Bizler kardeşliğimizi tekrar tesis edebilirsek işte o zaman gelecek nesiller içinde kendilerinden bahsedilen ve Rabbimizin rızasını kazanan insanlardan olabiliriz. Hiçbir gölgenin bulunmadığı o kıyamet gününde Rahman olan Allah azze ve celle’nin gölgesinde gölgelenecek zümrelerden birinin de birbirlerini Allah rızası için seven, bu sevgi üzere bir araya gelip bu sevgi ile birbirlerinden ayrılan kişilerin olacağı da bizlere Rasulullah aleyhisselatu vesselam tarafından haber verilmiştir.
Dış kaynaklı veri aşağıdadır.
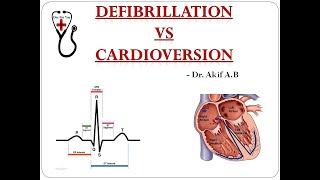 Cardioversion Vs Defibrillation  Dr Akif Baig [upl. by Valenka95]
Ebu Hüreyre radıyallahu anh’den rivayet edildiğine göre Resülullah sallallahu aleyhi ve sellem şöyle buyurdu: “Canım kudret elinde olan Allah’a yemin ederim ki sizler iman etmedikçe cennete giremezsiniz. Birbirinizi sevmedikçe de iman etmiş olmazsınız. Yaptığınız takdirde birbirinizi seveceğiniz bir şey söyleyeyim mi? Aranızda selamı yayınız!”
(Müslim, Tirmizî)
Bizler bugün kardeş olabilmeye her şeyden fazla ihtiyaç duymaktayız. Çünkü bütün dertler ve sıkıntılar, ümmetin bu haldeki durumu, hadisteki ifadesiyle Müslümanların sayıca çok olmalarına rağmen sel akıntısındaki çer çöp misali dağınık olmaları ve hayat ölçülerinin değişmiş olmasıdır.
Dünya sevgisi ve ölümden hoşlanmamak olarak hadiste vasfedilen bu iki özellikten arınmadıkça vahdeti sağlayabilmemiz mümkün olamayacaktır. Bugün bizler bu nasihatleri başkalarından çok kendimiz için örnek edinme durumundayız.
Müminler olarak kendi nefislerimizdeki eksikliklere bakmalı, düzeltilip ıslah edilecek ilk aşama ve basamağın kendimiz olması gerektiğinin şuurunda olmalıyız. Ancak o zaman gelecek için ümit var olabiliriz.
Ebu Hureyre radıyallahu anhu “Sizden biri kardeşinin gözündeki bir tozu görür de kendi gözündeki büyük ve kocaman ağaç parçasını görmez” buyurmuş ve bu ıslah hareketinin ilk olarak kendimizden başlaması gerektiğini bizlere haber vermiştir.
Bizler kendimiz için istediğimiz herşeyi kardeşlerimiz için de isteyip, onların başlarına gelen musibetlerden üzüntü duyup, onları vücut azalarımızdan bir parça olarak görüp, acısıyla, tatlısıyla bunu hissedebilecek olursak, işte o zaman bizler kardeş olabilmişiz demektir.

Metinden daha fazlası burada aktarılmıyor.